How to use lists in R

[This article was first published on R for Public Health, and kindly contributed to R-bloggers]. (You can report issue about the content on this page here)
Want to share your content on R-bloggers? click here if you have a blog, or here if you don't.

In the last post, I went over the basics of lists, including constructing, manipulating, and converting lists to other classes. Knowing the basics, in this post, we’ll use the apply() functions to see just how powerful working with lists can be. I’ve done two posts on apply() for dataframes and matrics, here and here, so give those a read if you need a refresher.

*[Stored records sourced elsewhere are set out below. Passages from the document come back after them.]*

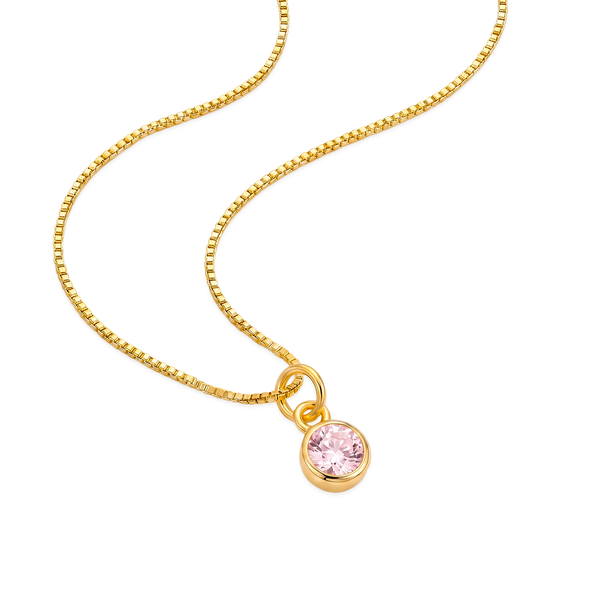 Collar Dorado Dije Piedra Rosa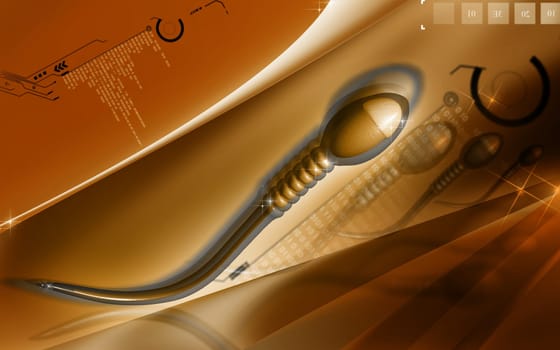 Digital illustration of sperm in colour background
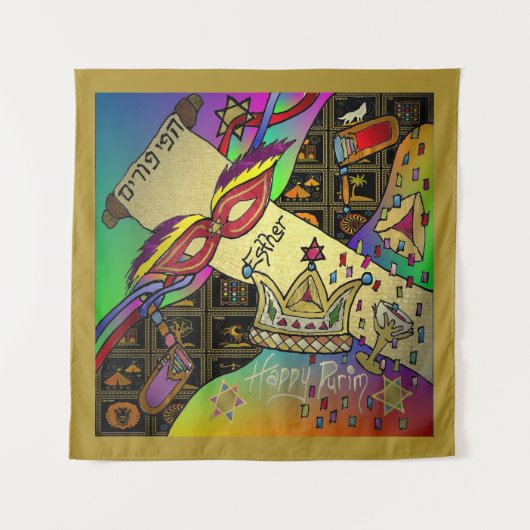 Purim Esther Celebration Dark Art Print Tapestry Wandkleed (Voorkant)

Intro to apply-based functions for lists

There are a variety of apply()-based functions that can be used depending on what you want to do. The table below shows the function, what it inputs, and what it outputs:
Function Input Output
apply matrix vector or matrix
sapply vector or list vector or matrix
lapply vector or list list
For example, if you have a list and you want to produce a vector (of the same length), use sapply(). If you have a vector and want to produce a list of the same length, use lapply(). Let’s try an example. The syntax of lapply() is: lapply(INPUT, function(x) (Some function here)) where INPUT, as we see from the table above, must be a vector or a list, and function(x) is any kind of function that takeseach element of the INPUT and applies the function to it. The function can be something that already exists in R, or it can be a new function that you’ve written up. For example, let’s construct a list of 3 vectors like so:
mylist<-list(x=c(1,5,7), y=c(4,2,6), z=c(0,3,4))
mylist
## $x
## [1] 1 5 7
## 
## $y
## [1] 4 2 6
## 
## $z
## [1] 0 3 4
and now we can use lapply() to find the mean of each element of the list (mean of each of the vectors x, y, and z), and output to a new list:
lapply(mylist, function(x) mean(x))
## $x
## [1] 4.333333
## 
## $y
## [1] 4
## 
## $z
## [1] 2.333333
But let’s say we wanted the result in a vector, not in a list, for whatever reason. Instead of doing the above and then converting the list into a vector (using unlist() or ldply() or whatever), we can do this directly using sapply() instead oflapply(). That’s because, as you can see in table, sapply() can take in a list as the input, and it will return a vector (or matrix). Let’s try it:
sapply(mylist, function(x) mean(x))
##        x        y        z 
## 4.333333 4.000000 2.333333
This is really great! Anytime you want to do the same thing over and over again, put all those things in a list and then use one of the apply functions. This reduces the need to run a loop, which can take a lot longer. Let’s do another example where we write our own function this time:
#write function to find the span of numbers in a vector and check if it's larger than 5
span.fun<-function(x) {(max(x)-min(x))>=5}

#apply that function to the list
sapply(mylist, span.fun)
##     x     y     z 
##  TRUE FALSE FALSE

Creating a list using lapply()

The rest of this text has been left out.